Exercise:
Would you set down the data below exactly as shown?

(Data entries)
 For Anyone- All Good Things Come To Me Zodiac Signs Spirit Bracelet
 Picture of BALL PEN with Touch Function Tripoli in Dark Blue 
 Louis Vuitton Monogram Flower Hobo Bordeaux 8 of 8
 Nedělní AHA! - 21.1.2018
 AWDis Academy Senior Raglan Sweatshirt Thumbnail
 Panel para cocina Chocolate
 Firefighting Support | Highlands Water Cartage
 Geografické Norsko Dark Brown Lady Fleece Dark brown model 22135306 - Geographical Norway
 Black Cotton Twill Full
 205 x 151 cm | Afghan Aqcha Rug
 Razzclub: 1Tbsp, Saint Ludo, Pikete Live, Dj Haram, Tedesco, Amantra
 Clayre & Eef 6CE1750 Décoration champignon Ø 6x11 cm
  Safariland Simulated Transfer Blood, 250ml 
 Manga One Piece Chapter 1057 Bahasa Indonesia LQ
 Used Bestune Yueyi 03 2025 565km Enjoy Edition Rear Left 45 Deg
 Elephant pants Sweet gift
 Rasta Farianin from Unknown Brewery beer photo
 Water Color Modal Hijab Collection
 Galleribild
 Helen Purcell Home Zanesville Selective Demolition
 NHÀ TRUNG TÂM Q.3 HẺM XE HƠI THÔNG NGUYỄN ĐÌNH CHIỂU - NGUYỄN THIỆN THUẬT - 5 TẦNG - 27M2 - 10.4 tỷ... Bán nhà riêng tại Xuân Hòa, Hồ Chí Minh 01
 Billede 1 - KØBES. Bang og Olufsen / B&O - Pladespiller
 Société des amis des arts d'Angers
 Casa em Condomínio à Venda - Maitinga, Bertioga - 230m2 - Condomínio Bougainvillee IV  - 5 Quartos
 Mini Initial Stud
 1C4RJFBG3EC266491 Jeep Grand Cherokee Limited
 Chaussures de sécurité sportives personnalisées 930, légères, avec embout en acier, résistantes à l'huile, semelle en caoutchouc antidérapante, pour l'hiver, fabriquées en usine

Task output:
 For Anyone- All Good Things Come To Me Zodiac Signs Spirit Bracelet
 Picture of BALL PEN with Touch Function Tripoli in Dark Blue 
 Louis Vuitton Monogram Flower Hobo Bordeaux 8 of 8
 Nedělní AHA! - 21.1.2018
 AWDis Academy Senior Raglan Sweatshirt Thumbnail
 Panel para cocina Chocolate
 Firefighting Support | Highlands Water Cartage
 Geografické Norsko Dark Brown Lady Fleece Dark brown model 22135306 - Geographical Norway
 Black Cotton Twill Full
 205 x 151 cm | Afghan Aqcha Rug
 Razzclub: 1Tbsp, Saint Ludo, Pikete Live, Dj Haram, Tedesco, Amantra
 Clayre & Eef 6CE1750 Décoration champignon Ø 6x11 cm
  Safariland Simulated Transfer Blood, 250ml 
 Manga One Piece Chapter 1057 Bahasa Indonesia LQ
 Used Bestune Yueyi 03 2025 565km Enjoy Edition Rear Left 45 Deg
 Elephant pants Sweet gift
 Rasta Farianin from Unknown Brewery beer photo
 Water Color Modal Hijab Collection
 Galleribild
 Helen Purcell Home Zanesville Selective Demolition
 NHÀ TRUNG TÂM Q.3 HẺM XE HƠI THÔNG NGUYỄN ĐÌNH CHIỂU - NGUYỄN THIỆN THUẬT - 5 TẦNG - 27M2 - 10.4 tỷ... Bán nhà riêng tại Xuân Hòa, Hồ Chí Minh 01
 Billede 1 - KØBES. Bang og Olufsen / B&O - Pladespiller
 Société des amis des arts d'Angers
 Casa em Condomínio à Venda - Maitinga, Bertioga - 230m2 - Condomínio Bougainvillee IV  - 5 Quartos
 Mini Initial Stud
 1C4RJFBG3EC266491 Jeep Grand Cherokee Limited
 Chaussures de sécurité sportives personnalisées 930, légères, avec embout en acier, résistantes à l'huile, semelle en caoutchouc antidérapante, pour l'hiver, fabriquées en usine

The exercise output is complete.